United States District Court, Ninth Circuit

October 10, 2013

RAY HELVESTON, Petitioner,
v.
JOSEPH SCHMIDT, Respondent.

ORDER GRANTING MOTION TO STAY AND ABEY FEDERAL HABEAS PETITION (Docket No. 12).

JOHN D. ROBERTS, Magistrate Judge.

I. Introduction

On May 2, 2013, Petitioner Ray Helveston (Helveston) filed a motion to stay and abey his mixed federal habeas petition. Docket 12. Before Respondent Joseph Schmidt (Schmidt) had an opportunity to respond to the motion to stay, the magistrate judge granted the motion. Docket 14. As a result, Schmidt filed a motion for reconsideration of the order granting the motion to stay and abey at Docket 15, as well as a response in opposition to the motion to stay and abey at Docket 16. The magistrate judge subsequently granted the motion for reconsideration at Docket 17. The Motion to Stay and Abey at Docket 12 is HEREBY GRANTED. However, if the petitioner fails to file his second application for post-conviction relief within the next thirty (30) days from the issuance of this order, the State may seek review of this order in this federal court.

II. Relevant Procedural History

Helveston was convicted in case 3AN-07-9920 CR for first-degree burglary and second-degree theft. Docket 16-1. Helveston was sentenced to a composite sentence of eleven (11) years on December 17, 2008. In January, 2009, Helveston timely appealed his case. Halveston claimed that he received ineffective assistance of counsel at trial and that the trial judge denied him the right to present a defense. The Alaska Court of Appeals denied his merit appeal on March 17, 2010.

On April 1, 2010, Helveston filed a petition for hearing with the Alaska Supreme Court. Docket 16-2. Helveston again argued that he received ineffective assistance at trial and that the trial judge denied him the right to present a defense. The Alaska Supreme Court denied his petition on May 17, 2010. Id.

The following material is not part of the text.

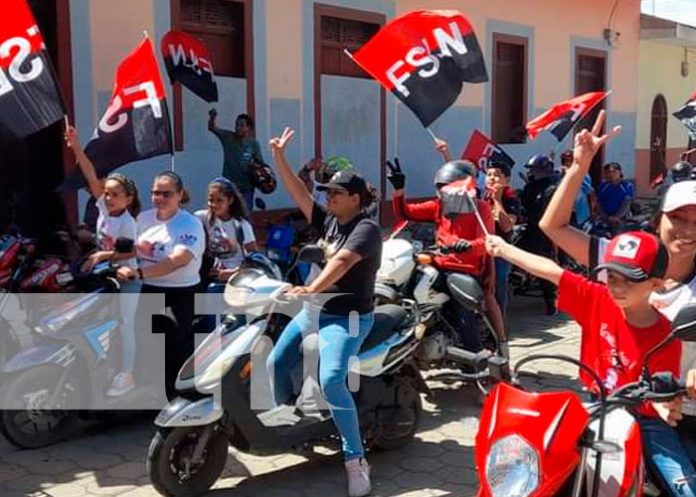 c Militancia sandinista en Nandaime celebra el día de la alegría nacional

Prior to both the Alaska Court of Appeal's denial of Helveston's merit appeal and the Alaska Supreme Court's denial of his petition, he filed his first petition for post-conviction relief (PCR) on July 21, 2009. Docket 1 at 7. Helveston claimed that his attorney provided him with ineffective assistance at trial. The Superior Court denied his PCR and he timely appealed. The Alaska Court of Appeals later denied his PCR on July 24, 2013. Id. Helveston indicates he intends to file a Grinols claim.[1] He has not yet done so.

On February 28, 2013, Helveston filed pro se for federal habeas relief. Helveston raised two claims in his federal habeas petition. Docket 1. First, that he received ineffective assistance of counsel at trial in violation of the Sixth Amendment to the United States Constitution. Id. at 4 Second, that the trial court denied him the right to present a defense in light of the manner in which he was permitted to cross-examine a State witness and attack his credibility. Id. at 8. The second claim is exhausted because both the Alaska Court of Appeals and the Alaska Supreme Court were given the opportunity to rule on the issue. However, Helveston's claim that he received ineffective assistance of counsel is not exhausted because he has not filed a second application for post-conviction relief in which he will allege that trial counsel failed to adequately investigate critical witnesses to impeach a state witness at trial. Docket 13 at 3. Therefore, Helveston's federal habeas petition is mixed in that it contains both an exhausted and an unexhausted claim.

III. Analysis

At issue is whether this court should stay and abey Helveston's mixed federal habeas petition so that he may exhaust his ineffective assistance of counsel claim. Such a claim is commonly referred to as a Grinols claim in State court. 28 U.S.C. § 2254(b) states, "An application for writ of habeas corpus on behalf of a person in custody pursuant to the judgment of a State court shall not be granted unless it appears that the applicant has exhausted the remedies available in the courts of the state..." However, the Section 2254(i) clearly states that "[t]he ineffectiveness or incompetence of counsel during Federal or State collateral post-conviction proceedings shall not be a ground for relief in a proceeding arising under section 2254."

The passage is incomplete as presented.